Trump ile Netanyahu arasında pazartesi akşamı Beyaz Saray'da gerçekleşen görüşme, Trump'ın geçtiğimiz ocak ayında başkanlık koltuğuna oturmasından bu yana gerçekleşen üçüncü görüşmeydi.

Filistinlilerle barış istediğini ifade eden İsrail Başbakanı, Filistinlilerin gelecekte kuracakları bağımsız bir devleti İsrail'in yıkımı için bir platform olarak tanımladı ve bu nedenle egemen güvenlik yetkisinin İsrail'de kalması gerektiğini savundu.

dfrgty
ABD Başkanı Donald Trump, pazartesi akşamı Beyaz Saray'da İsrail Başbakanı Binyamin Netanyahu ile birlikte (DPA)

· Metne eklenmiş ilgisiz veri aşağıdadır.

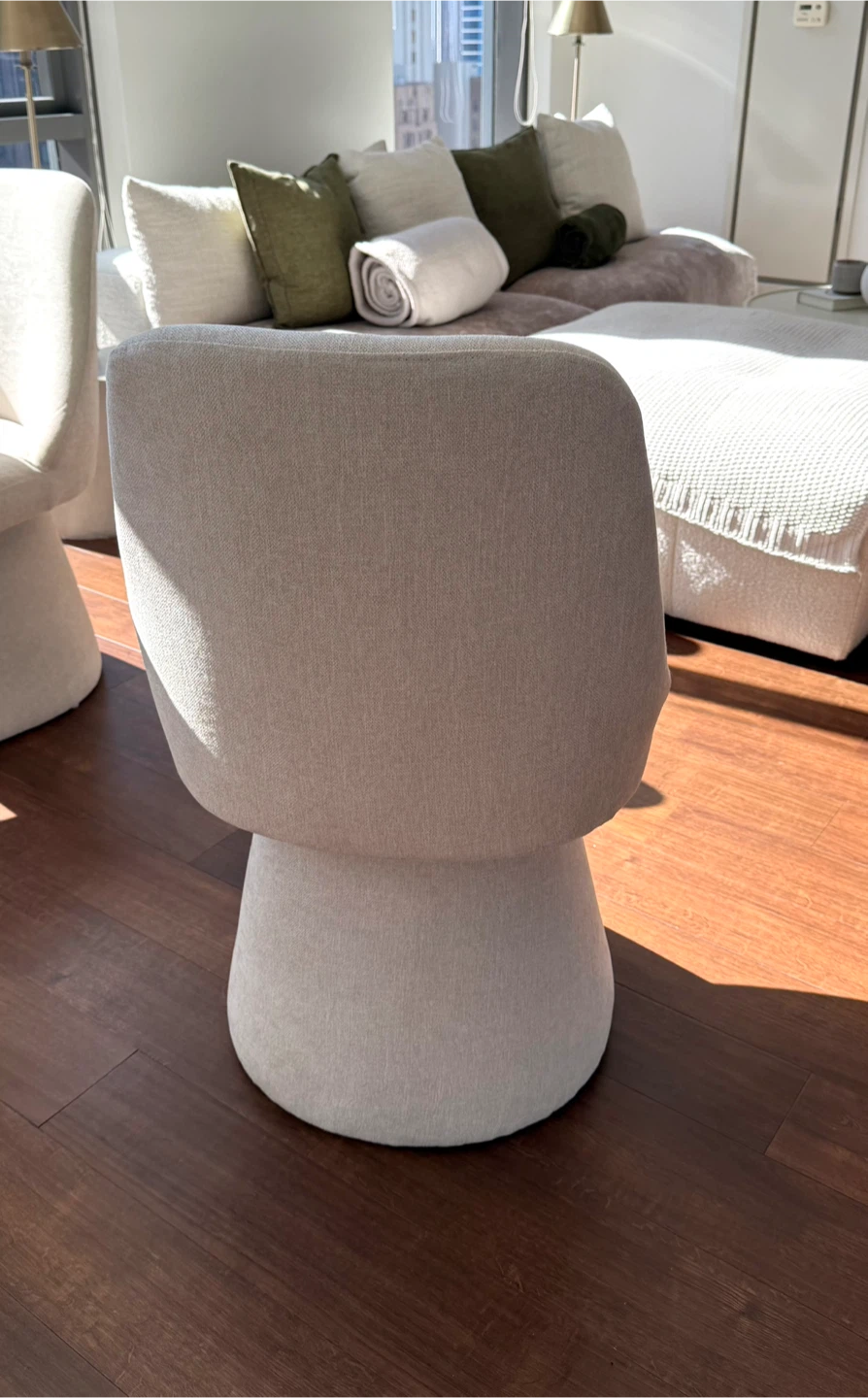 Set of 4 Cream Swivel Dining Chairs - photo 2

Trump, gazetecilerin iki devletli bir çözümün mümkün olup olmadığı sorusuna “Bilmiyorum” dedi ve soruyu Netanyahu'ya yönlendirdi.

Netanyahu soruyu, “Filistinlilerin kendi kendilerini yönetmek için tüm yetkilere sahip olmaları gerektiğine inanıyorum, ancak bizi tehdit edecek herhangi bir yetkiye değil” diye yanıtladı.

Netanyahu ayrıca, Filistinlilerin Gazze Şeridi'nden çıkarılması konusuna da değinerek, İsrail ve ABD'nin, savaştan zarar gören Gazze Şeridi'nden ayrılmak isteyen Filistinlileri kabul edecek ‘birkaç ülke bulmaya yakın’ olduğunu söyledi.

Netanyahu, “Başkan Trump'ın seçim özgürlüğü diye harika bir vizyonu var. Eğer insanlar kalmak istiyorlarsa kalabilirler ama gitmek istiyorlarsa da gidebilmeliler” şeklinde konuştu.

Üst düzey bir İsrailli yetkili yemekten sonra yaptığı açıklamada, İsrail'in Trump'ın Gazzelileri gönüllü olarak göç etmeye teşvik etme konusunda ciddi olduğuna ikna olduğunu belirtti.

Söz konusu açıklamaların ardından Filistin Yönetimi'nden bir kaynak Şarku’l Avsat'a şunları söyledi: “Onların tutumu biliniyor. Ancak biz siyasi bir süreç başlatmak için uğraşıyoruz. Batı Şeria, Gazze Şeridi ve Doğu Kudüs'ü kapsayan bir devlet kurma hakkımızdan taviz vermeyeceğiz.”